A history of the Gibson SG guitar

all images courtesy of Gibson.com

New Beginnings

As the 1950’s came to a close and a new era began to unfold, Gibson was a top brand among guitar manufacturers worldwide. The Gibson ES and Gibson Les Paul models had made their way to the biggest stages and the hottest national television shows, however with the turn of the decade brought a different sensibility and with it, a new set of electric guitar needs. The company’s Les Paul model was no longer achieving sales figures the management desired and they swiftly assigned their design team with the challenge of creating a new type of guitar. An instrument that had a thinner faster neck than ever before and provided even better access to the highest end of the fret board.

A Different Breed

Development took place over 1960 and by 1961 the team at Gibson created a turbo charged instrument that would find itself at the forefront of Rock & Roll history. Featuring an all mahogany body and neck, topped with a rosewood fret board the new instrument was not only eye-catching but also renowned for its bright creamy tones that could cut down the middle of any record. Upon release in 1961 Gibson created four models with ascending prices for customers to choose from. The Junior and Special featured Gibson’s single coil P-90 pick-ups, while the more expensive Standard and Custom featured a pair of humbuckers in the same position.

Shifting Strategy

With the Gibson Les Paul not selling as anticipated, the model was discontinued in support of Gibson’s brand new design. Although the guitar’s SG name instantly conjures images of a two horned axe and the birth of Metal music, the guitar was actually released as the new Gibson Les Paul. From it’s debut in 1961 until 1963, the Gibson SG was actually marketed as the Gibson Les Paul.

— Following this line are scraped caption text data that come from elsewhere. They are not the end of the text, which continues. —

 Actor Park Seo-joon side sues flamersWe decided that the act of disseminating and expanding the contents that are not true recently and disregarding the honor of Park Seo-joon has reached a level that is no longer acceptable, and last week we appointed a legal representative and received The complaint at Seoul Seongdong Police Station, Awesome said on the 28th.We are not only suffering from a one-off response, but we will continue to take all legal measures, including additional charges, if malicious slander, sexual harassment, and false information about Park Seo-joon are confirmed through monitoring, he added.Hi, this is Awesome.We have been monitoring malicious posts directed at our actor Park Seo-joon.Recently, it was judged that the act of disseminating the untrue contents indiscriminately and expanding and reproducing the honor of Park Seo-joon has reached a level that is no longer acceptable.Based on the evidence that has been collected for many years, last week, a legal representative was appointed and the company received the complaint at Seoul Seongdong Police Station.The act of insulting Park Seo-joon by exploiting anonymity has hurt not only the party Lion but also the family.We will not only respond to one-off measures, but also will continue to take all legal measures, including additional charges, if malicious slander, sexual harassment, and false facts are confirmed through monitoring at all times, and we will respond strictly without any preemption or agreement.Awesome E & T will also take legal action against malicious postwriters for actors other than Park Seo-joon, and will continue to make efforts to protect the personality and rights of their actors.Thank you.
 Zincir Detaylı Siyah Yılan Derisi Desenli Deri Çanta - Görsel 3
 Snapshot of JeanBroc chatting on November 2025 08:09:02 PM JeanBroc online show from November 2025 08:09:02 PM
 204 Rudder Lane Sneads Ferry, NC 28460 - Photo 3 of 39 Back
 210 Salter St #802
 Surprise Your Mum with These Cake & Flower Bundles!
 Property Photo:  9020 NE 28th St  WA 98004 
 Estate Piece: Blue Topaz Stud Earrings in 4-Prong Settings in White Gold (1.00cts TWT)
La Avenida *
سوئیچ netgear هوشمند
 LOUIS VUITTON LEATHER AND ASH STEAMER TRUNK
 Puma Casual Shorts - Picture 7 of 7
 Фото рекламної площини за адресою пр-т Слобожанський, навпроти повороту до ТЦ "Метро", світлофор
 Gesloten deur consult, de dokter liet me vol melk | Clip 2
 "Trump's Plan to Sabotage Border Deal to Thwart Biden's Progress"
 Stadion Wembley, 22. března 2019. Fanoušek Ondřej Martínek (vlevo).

This became a rather confusing decision from their marketing team that didn’t help to tell consumers about their radically different design of a solid bodied guitar. Ironically Les Paul himself wasn’t aware of the new design and when the guitar was brought out in 1961 Les was not a fan of the instrument. Declining to take his royalty payments from Gibson for the guitar’s sales, the company eventually agreed to remove his name from the model and from 1963 the design became known as the Gibson SG, the ‘Solid Guitar’.

A Rock Icon

The role this guitar has played in music is something of a legend. From the hands of Tony Iommi who can be credited as the spark to Heavy Metal music with his band Black Sabbath to the stadium of fans who looked on as Angus Young played his SG in AC/DC, the Gibson SG has been established as a Rock icon in it’s own right. Despite a host of design flaws due to the relatively small amount of space given for the neck to be fixed to the body, it is one of the only models from Gibson to have never been retired.

Angus Young and the distinctive Gibson SG guitar


Angus Young live with AC/DC on November 23, 2008 in St. Paul, MN R. Photo by Matt Baker Weatherman90 at English Wikipedia / CC BY-SA

The Gibson SG is still made in America to this day and has firmly secured it’s spot as Gibson’s best selling guitar of all time.